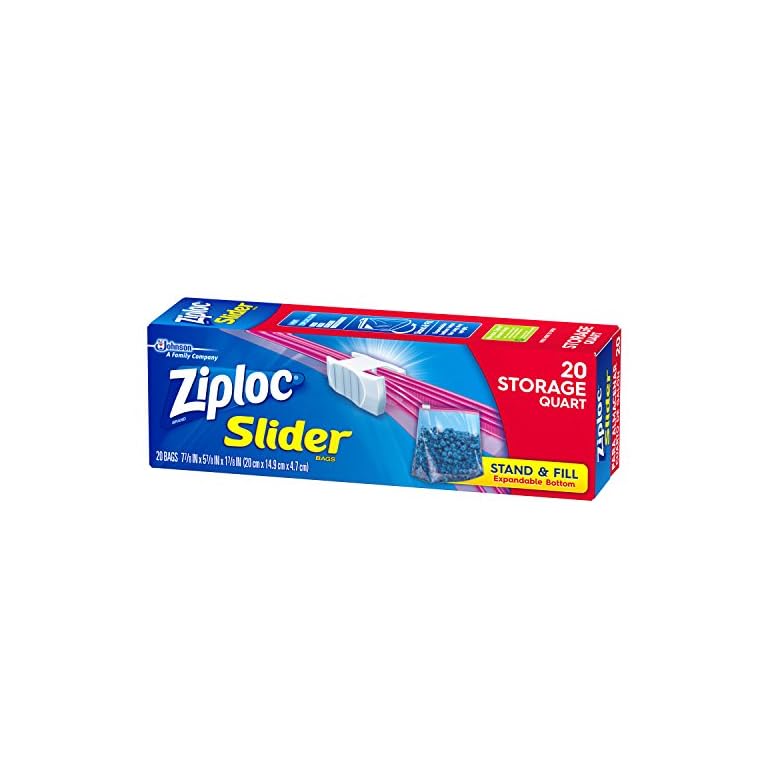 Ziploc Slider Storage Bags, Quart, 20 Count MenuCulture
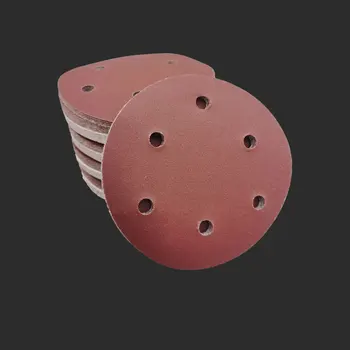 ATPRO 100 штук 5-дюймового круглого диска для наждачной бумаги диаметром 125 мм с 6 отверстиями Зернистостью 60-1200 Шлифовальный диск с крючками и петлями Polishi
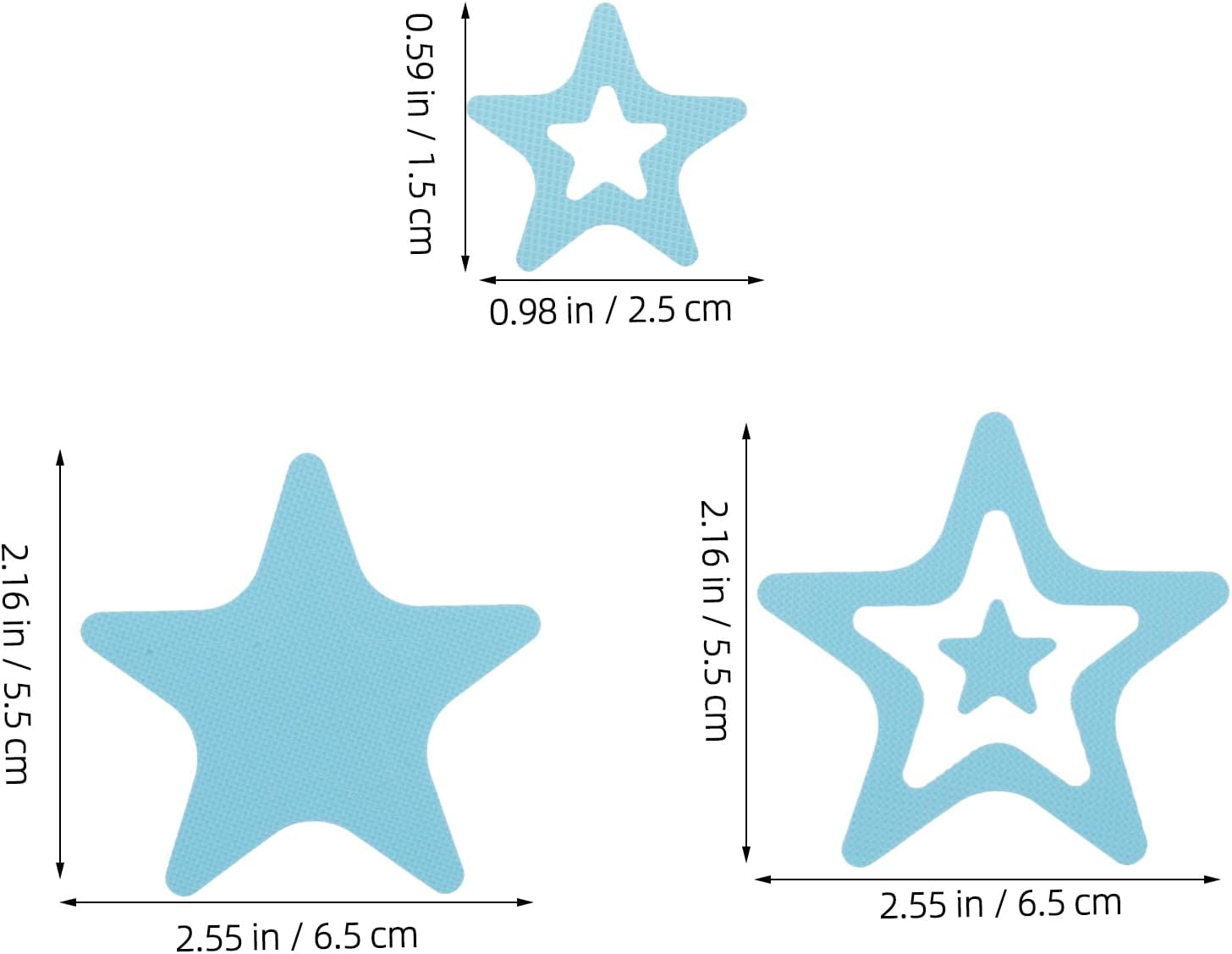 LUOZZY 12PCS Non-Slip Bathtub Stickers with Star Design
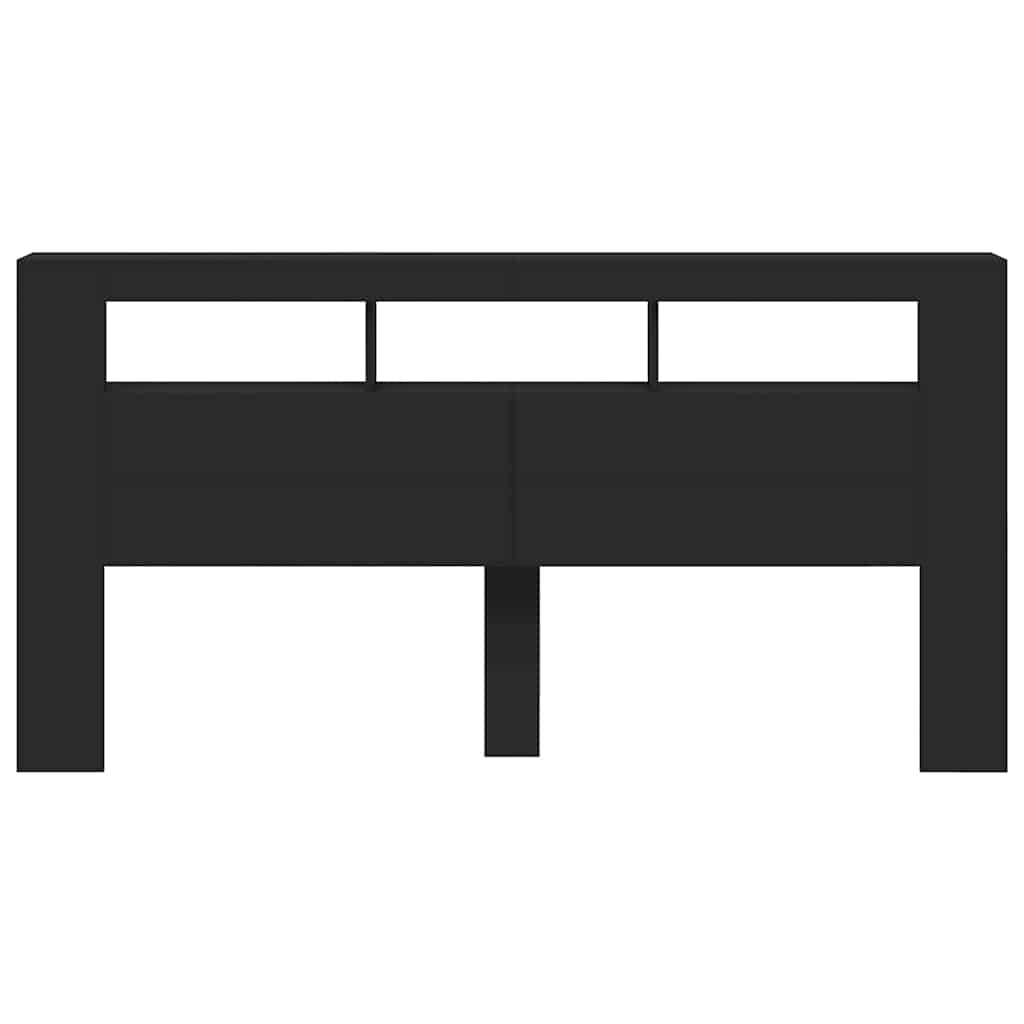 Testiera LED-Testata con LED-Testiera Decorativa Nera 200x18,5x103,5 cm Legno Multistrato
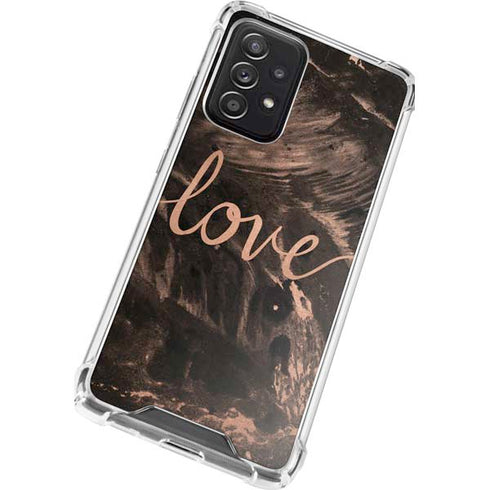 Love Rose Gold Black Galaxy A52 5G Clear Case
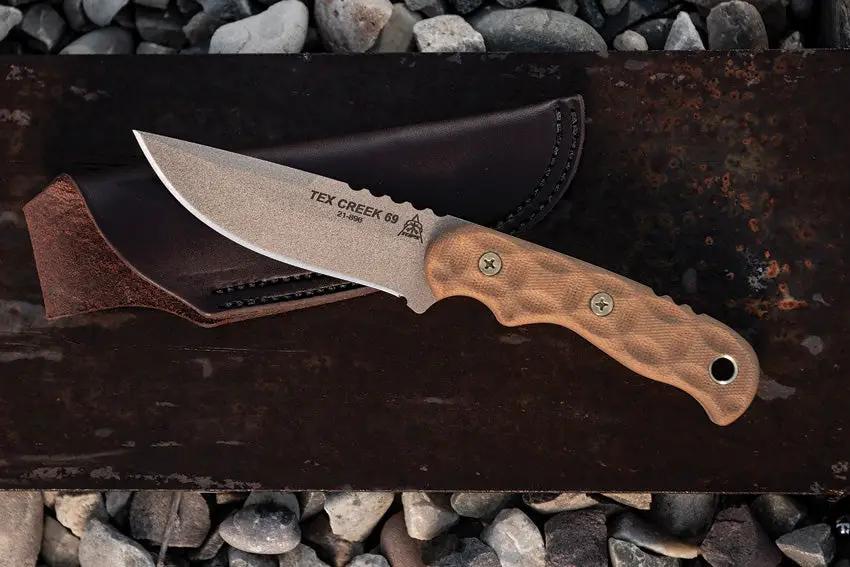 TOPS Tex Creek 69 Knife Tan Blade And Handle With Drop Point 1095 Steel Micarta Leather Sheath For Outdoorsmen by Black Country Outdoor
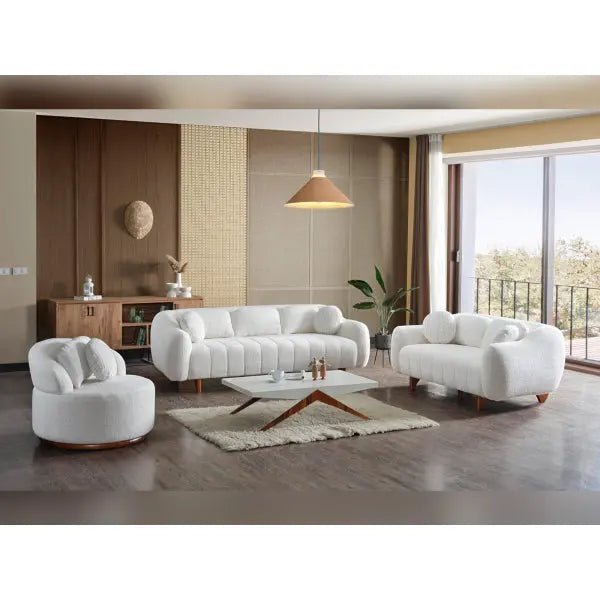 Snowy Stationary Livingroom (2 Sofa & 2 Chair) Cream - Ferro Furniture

□ □ □ □ □

The pictures in the entries above should be left out; all else must be copied exactly.

● **YOUR RESPONSE**
 Ziploc Slider Storage Bags, Quart, 20 Count MenuCulture
 ATPRO 100 штук 5-дюймового круглого диска для наждачной бумаги диаметром 125 мм с 6 отверстиями Зернистостью 60-1200 Шлифовальный диск с крючками и петлями Polishi
 LUOZZY 12PCS Non-Slip Bathtub Stickers with Star Design
 Testiera LED-Testata con LED-Testiera Decorativa Nera 200x18,5x103,5 cm Legno Multistrato
 Love Rose Gold Black Galaxy A52 5G Clear Case
 TOPS Tex Creek 69 Knife Tan Blade And Handle With Drop Point 1095 Steel Micarta Leather Sheath For Outdoorsmen by Black Country Outdoor
 Snowy Stationary Livingroom (2 Sofa & 2 Chair) Cream - Ferro Furniture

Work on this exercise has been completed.